The last surviving of four students who famously “liberated” the Stone of Destiny from Westminster Abbey has died aged 97.
Ian Hamilton KC, a prominent lawyer who Nicola Sturgeon described as a “giant” of the Scottish independence movement, famously led the repatriation of the Stone to Scotland on Christmas Eve in 1950.
The Paisley-born student masterminded the plan to steal the Stone of Scone along with three friends from Glasgow University in a bid to promote their cause for Scottish devolution.
Gavin Vernon and Alan Stuart studied engineering and Kay Matheson studied domestic science.
All were members of the Scottish Covenant Association, which advocated for home rule for Scotland.
The plot was funded by a Glasgow businessman, Robert Gray, who was a councillor on the Glasgow Corporation.
The group headed to London in two cars days before Christmas.
On Christmas Eve, Mr Hamilton hid behind a statue in the Abbey, before he was caught and turfed out by a night watchman who presumed him to be homeless.
Three of the group later managed to break into the Abbey and seized the stone from under the throne before it crashed to the ground and broke into two.
The pieces were driven separately up north and hidden in the Midlands and Kent.

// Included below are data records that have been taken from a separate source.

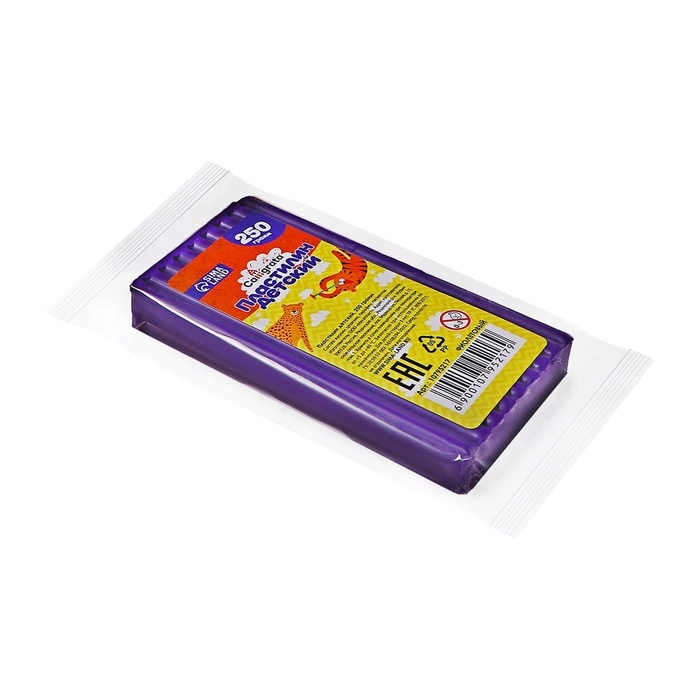 Пластилин 250г Классический Calligrata ФИОЛЕТОВЫЙ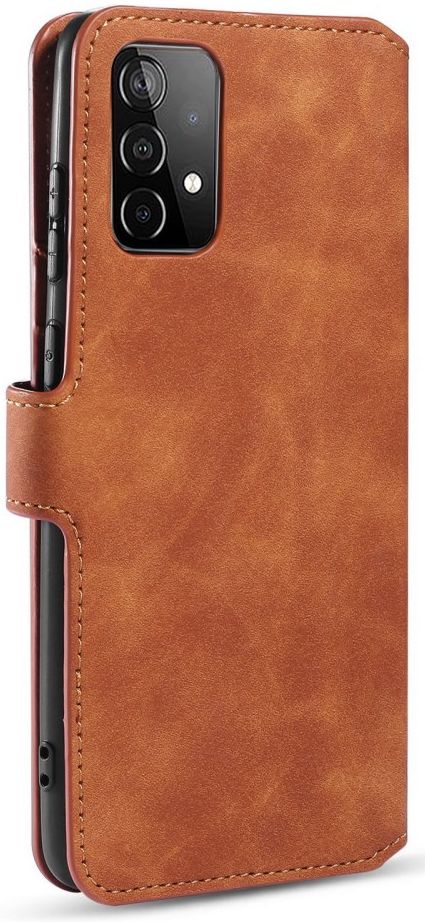 DG Ming Samsung Galaxy A52 / A52S Hoesje Retro Wallet Book Case Bruin afbeelding 5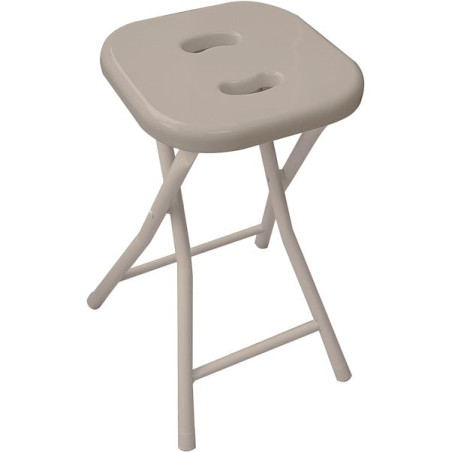 sgabello richiudibile gedy per bagno termoplastiche e metallo 26x28x46.5cm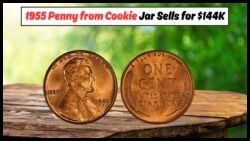 This 1955 Doubled Die Lincoln Penny Found in Cookie Jar Just Sold for $144,000!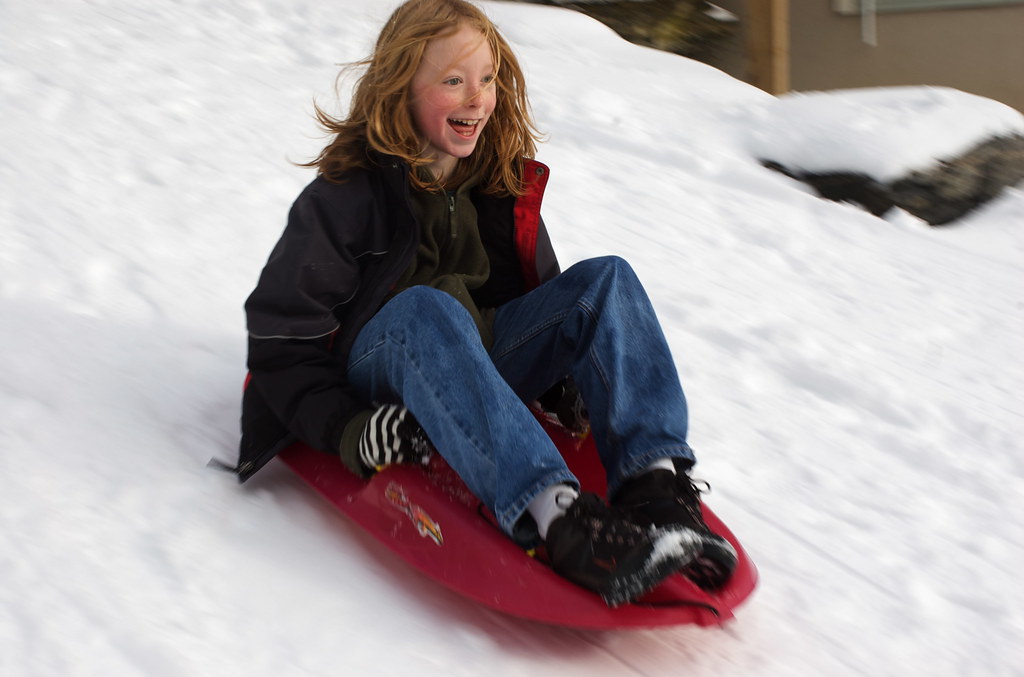 Sledding...a Fun Activity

A fortnight later they were retrieved by the students and taken to be repaired by a stonemason.
The disappearance of the stone sparked a nationwide manhunt which saw checkpoints put in place at the Borders.

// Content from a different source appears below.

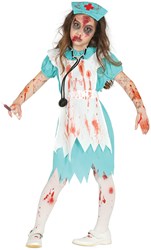 Halloweenkostuum Zombie Verpleegster voor meisjes 
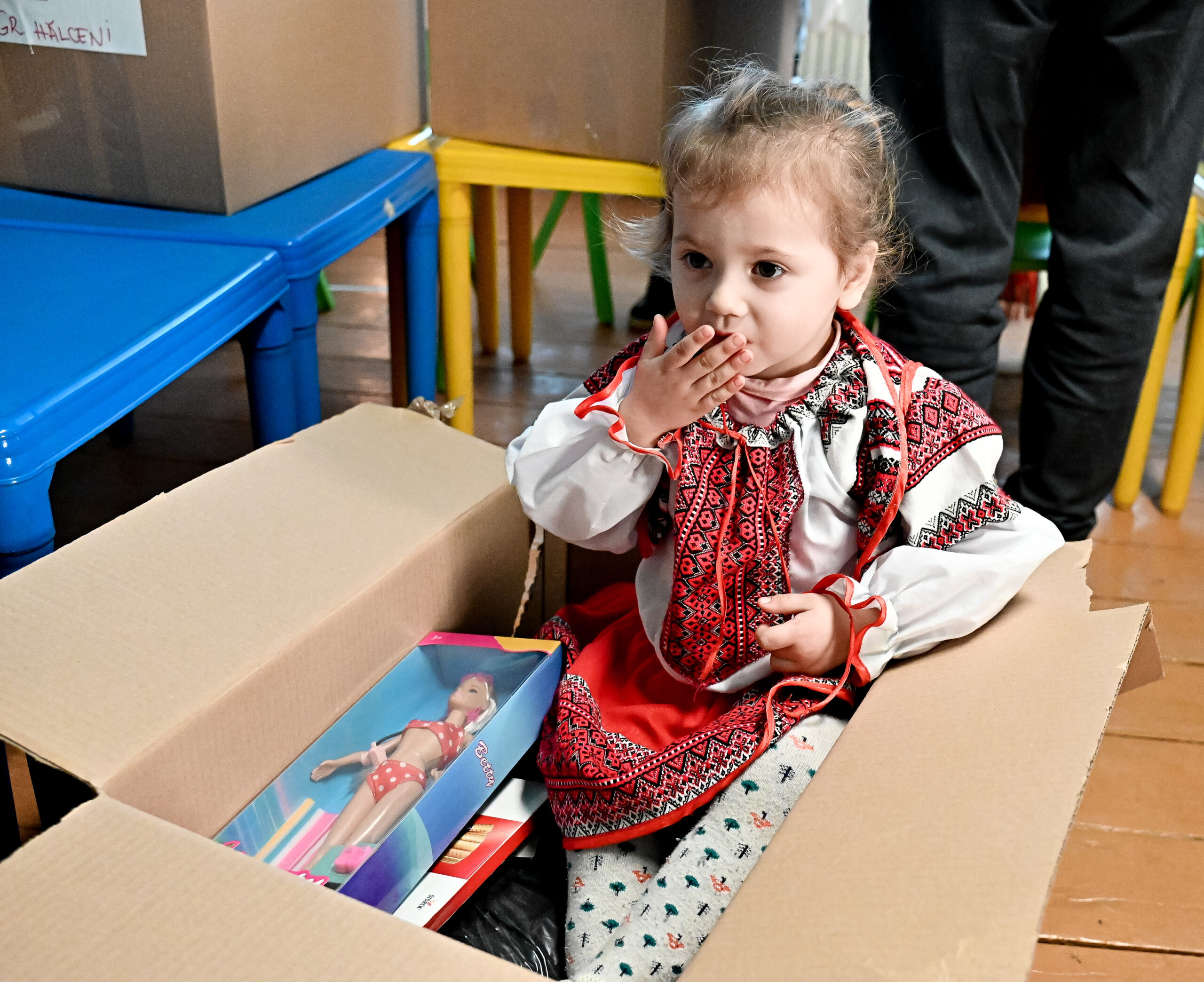 Imagini inedite: Iată cum arată fericirea în toată puterea ei. Campania ZdI a bucurat 167 de prichindei din comuna Șipote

The students were identified by police following enquiries and were taken in for questioning.
While the theft was described as a “vulgar act of vandalism” at parliament, ministers decided it not to be in the public interest to prosecute the students.
It was found months later, 500 miles away, at the high altar of Arbroath Abbey – where the assertion of Scottish nationhood was made in the Declaration of Arbroath in 1320.

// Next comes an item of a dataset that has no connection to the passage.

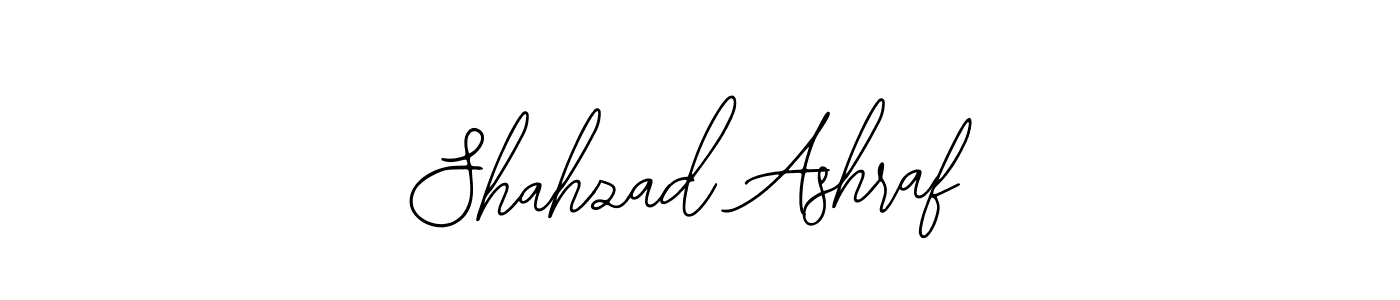 You should practise on your own different ways (Bearetta-2O07w) to write your name (Shahzad Ashraf) in signature. don't let someone else do it for you. Shahzad Ashraf signature style 12 images and pictures png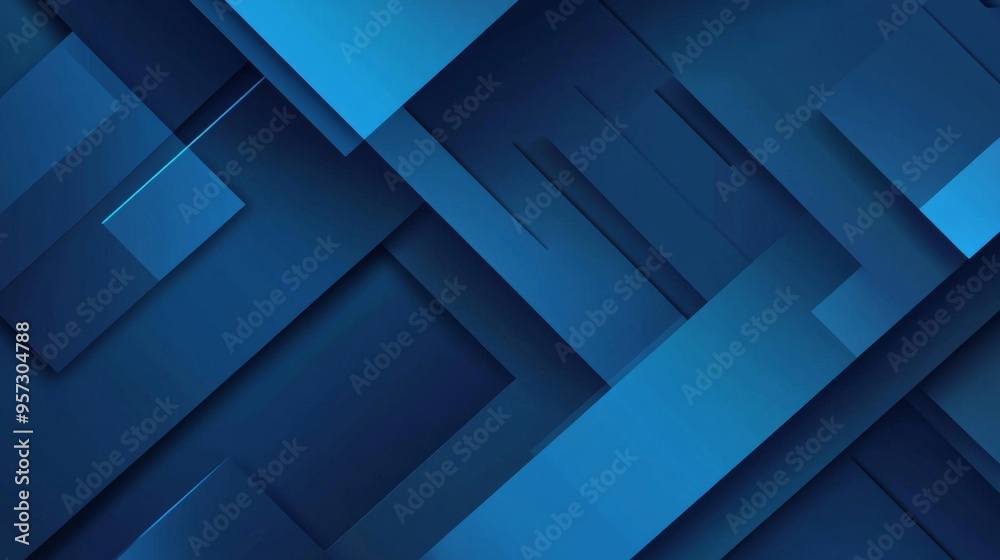 Abstract Blue Geometric Background Abstract Blue Geometric Background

The Stone was returned to Westminster Abbey in February 1952 and eventually came back to Scotland on St Andrew’s Day in 1996.
Mr Hamilton wrote a book about the heist, The Taking of the Stone of Destiny, which was made into a film called Stone of Destiny in 2008.
Gavin Vernon, an engineer who worked in countries including Canada and Saudi Arabia, died in 2004.
Teacher, Gaelic scholar and political activist Kaye Matheson died in 2013. Alan Stuart, who became an accomplished businessman, died in 2019.
What is the significance of the Stone of Destiny?
The Stone of Destiny, which is described as being coarse-grained, pinkish buff sandstone, is seen as a historic symbol of Scotland’s monarchy.
It had been used in the coronation of Scottish monarchs for centuries at Scone Palace, but was taken in 1296 by Edward I during the Wars of Independence and built into a throne.
It was present when Elizabeth II was crowned at the Abbey in 1953.
Where is it now?
The stone is currently at Edinburgh Castle with the Crown Jewels – however, urban legend has is that the stone handed back was a fake and that the real stone was hidden in the Arlington pub in Glasgow, where the students regularly met.
The Stone of Destiny will be temporarily relocated from Scotland to London for the coronation of King Charles III.
In November 2020, First Minister Nicola Sturgeon announced plans to relocate the stone to Perth in 2024.